02/04: I found myself in a strange new world, not knowing why I was here. My Lord was with me, and He watched quietly as I wandered around trying to find my way. He never spoke, even when I got lost, because He loved me; He gave me the choice to depend on my own knowlege and learn from my own mistakes. Slowly the days passed by, and I stumbled deeper and deeper into confusion, until at last I realized I could no longer continue on my own. Then I asked God to explain why He placed me here.

I received, in response, a series of signs which I could not understand at the time. I saw an object I could not recognize, covered in layers of mud. The hands of God removed the mud little by little, until finally I could get a glimpse of what was inside. It was like nothing I have seen before, and the more of it I could see, the more beautiful it became. God told me the object was my heart, and I could not believe it, for it was so beautiful. Unfortunately, the mud around it were things that I considered precious, and to see my heart in its entirety I would have to give them up. For months I searched and prayed, scraping off the mud that has accumulated over the years, until finally I found myself facing the right direction. I was standing at the beginning of a path longer than what most people have traveled, and far more difficult than what I could handle alone. The path eventually leads to a castle where my heart awaits me. I knew nothing about what to expect along the way, but for such a beautiful reward I was willing to face just about anything.

Suddenly a man came and struck me down from behind, then took off with my belongings. I was angry, but couldn't do anything about it, since he had already disappeared by the time I realized what had happened. For days I grieved over the loss, until at last I was able to accept the truth and get back on my feet. Then I saw more signs - visions of myself in the castle, rejoicing over having been reunited with my heart. I asked God if He would make the journey's path smooth for me if I decided to pursue it. To my surprise, He said no. But He reminded me of the importance of learning through hardships, and affirmed that as long as I followed Him, all things will work in favor of what is best for me. Stripped of all my belongings, I had no choice but to rely on Him completely.
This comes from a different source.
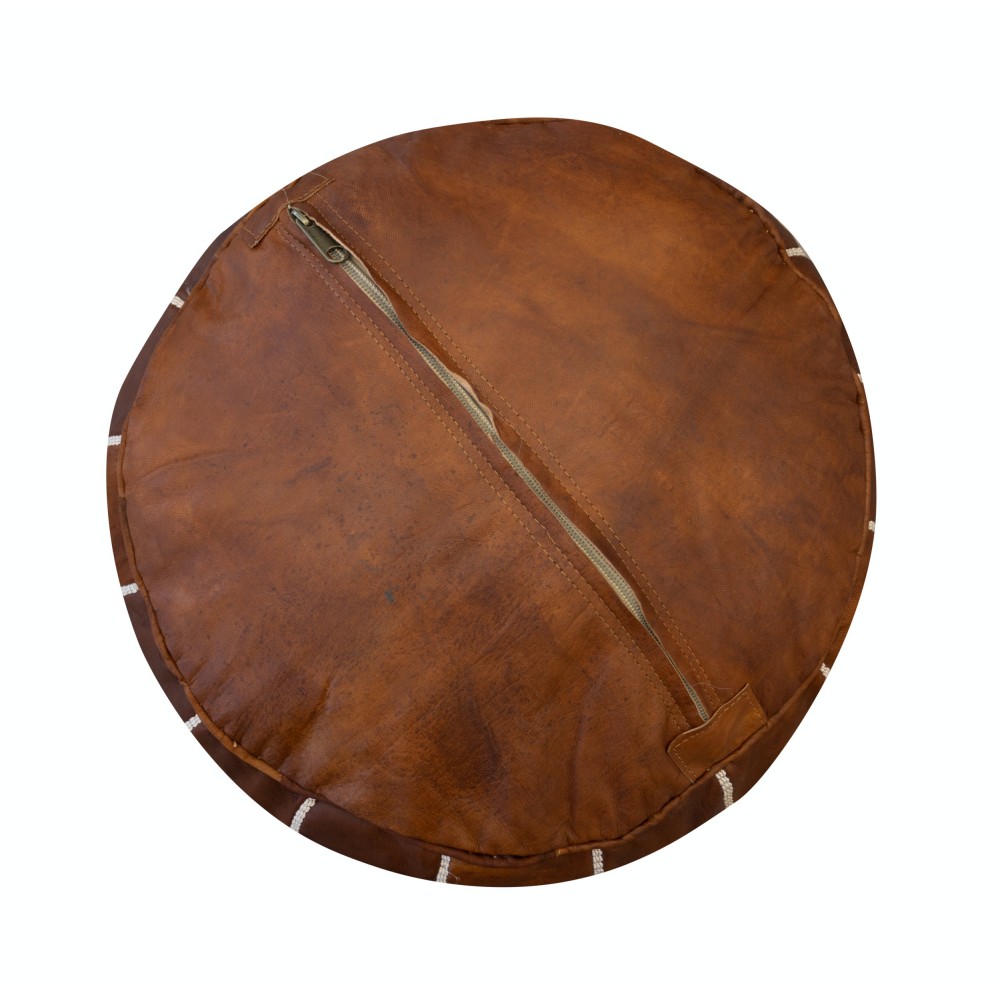 Hand-Tooled Brown Round Geniune Leather Pouf. UNSTUFFED. Custom Option Available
So I began the journey, carefully walking each step of the way, trusting God to guide me. What scared me most was that it was a one-way path; once I began, there was no turning back. I had abandoned my old home, never to return to it again. My only hope is in the success of this journey, leading me to a new and better place than that which I left behind. For months I traveled on the seemingly endless path. Many times I ran into obstacles, but the desire to reach my heart gave me strength to fight and win each battle.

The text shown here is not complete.